By Matthew E. Kahn, University of Southern California
Would privacy advocates oppose this "invasion" of privacy? Or does the protection of community open spaces justify this surveillance and enforcement?
Cities are subject to a series of insults; smoking, litter, poop, noise, crime, smells, vague uncertain threats from the homeless, drugs, graffiti. For each of these, how can "Big Data" collection help to achieve accountability to reduce these disamenities? Those cities that can achieve progress on each of these will become "green cities" and will attract more tourists and more commercial, residential and retail real estate business..

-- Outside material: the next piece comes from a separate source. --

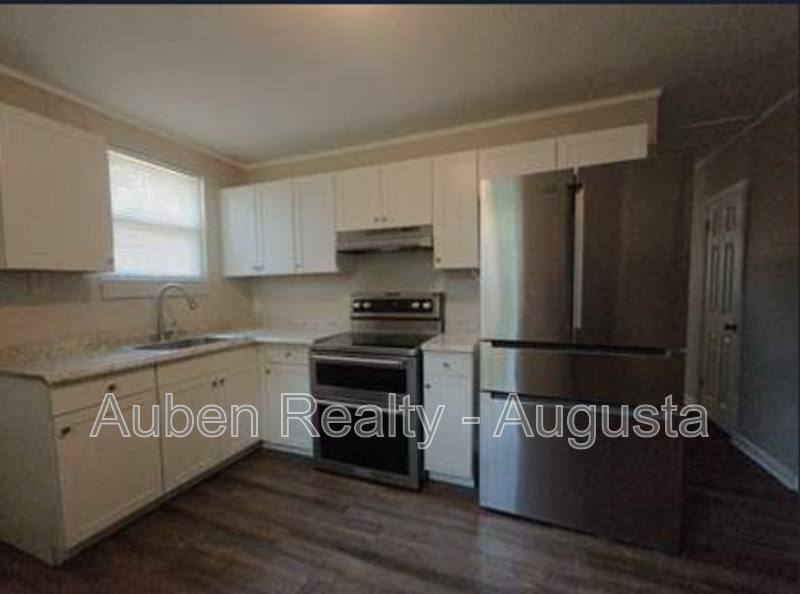 House for rent at 4432 Wrightsboro Rd #1, Grovetown, GA 30813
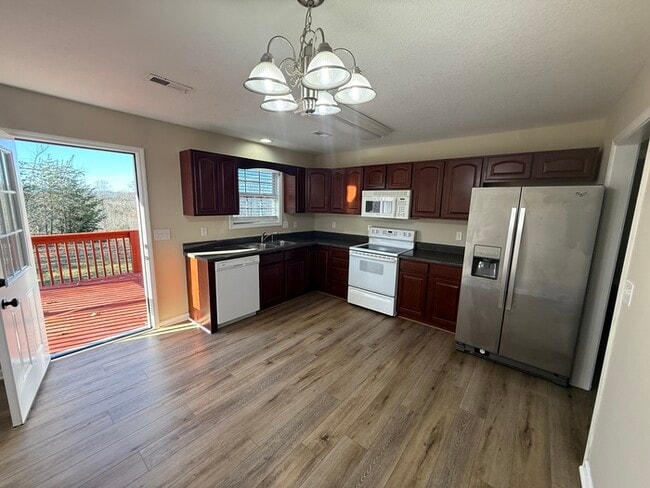 Building Photo - One-Level Ranch home in Halls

The interesting urban economics issue here is that increased population density in a given geographic area scales up each of these effects. For example, if 5 out of every 100 people smokes then an area with 10,000 people per square mile features 500 smokers. But, this scale effect of density is not a law of physics. As the dog poop example shows, there are ways to configure incentives and Big Data to mitigate these tragedy of the commons challenges. For example, would the next Mayor Bloomberg have drones fly NYC patrolling for issues? Or will a strange coalition of the ACLU and drug dealers and owners of dogs who don't like to pick up work together to block such new technologies from holding them accountable?
Green Cities can be produced but we must pay for them. You might say that Singapore has been willing to make these choices and then declare that you don't want to live in Singapore. I have spent 4 weeks of my life in Singapore and I like it there very much. Despite the high daily heat and humidity, it is a very livable city. Go there and experience what is it is like to live in a city that enforces "rules of the game".